Am I Present?

“I Am,” says God. God did not say, “I Was,” or “I Will Be.” In saying “I Am,” God is saying, “I am present.”

Am I present? Or do I live in the past, replaying old scenes, clinging to old wounds?

Am I present? Or do I live in the future, chained to useless fantasies and baseless fears?

God is beyond time and always present. But we look away. We look back and are hurt. We look ahead and are terrorized. In this present moment, God is facing us…facing me. In this present moment, we will no longer be victims of the past or be paralyzed by the future. In this present moment we can face God. In this present moment we can encounter God.

Oh God, help me be in this present moment. Oh God, help me see in this present moment You. Oh God, help me see You in all I do, in all my encounters, in all the people I meet, in all of creation.

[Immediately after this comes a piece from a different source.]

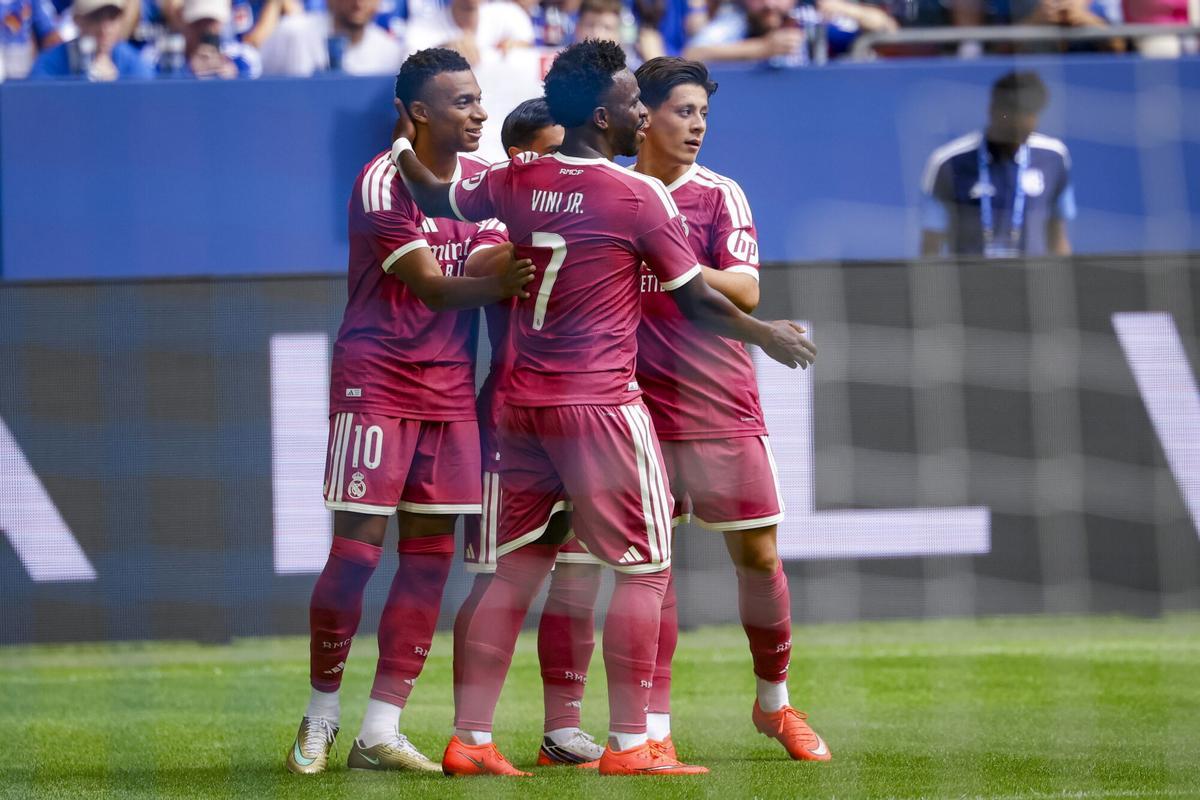 Los jugadores del Madrid celebran uno de los goles contra el Schalke 04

We live in a noisy world where we live noisy lives. We are drowning in a flood of words, nonstop talking and texting, endless opinions on everything that pretty much amounts to nothing of any real value. There are too many words. Our words and actions, sadly, are often not in harmony. We speak without thinking; we listen without hearing. When we turn off the TV or radio, we can hear the birds. When we have less to listen to, we hear more. The same thing applies to our sight which today takes in a dizzying array of images, mostly unpleasant or unnecessary images, which are constantly hurled at us via a wide range of electronic devises that keep us perpetually entertained and distracted from the essential things of life. The frenetic pace of life leaves no time or space for stillness and silence. In the noise and busyness of our lives, it is virtually impossible to encounter God. Even if we make time for God, we discover so many divergent paths to God we can get lost. It seems to me that most theological talk is woefully inadequate before the awesome mystery of the divine. Thomas Merton helps us understand how silence is the best way to approach this mystery. The monk wrote: “But in moments of silence, of meditation, of enlightenment and peace, one learns to live in the atmosphere of solitude even in the midst of crowds. …One opens the inner door of his heart to the infinite silences of the Spirit, out of whose abysses loves wells up without fail and gives itself to all. In His silence, the meaning of every sound is finally clear.”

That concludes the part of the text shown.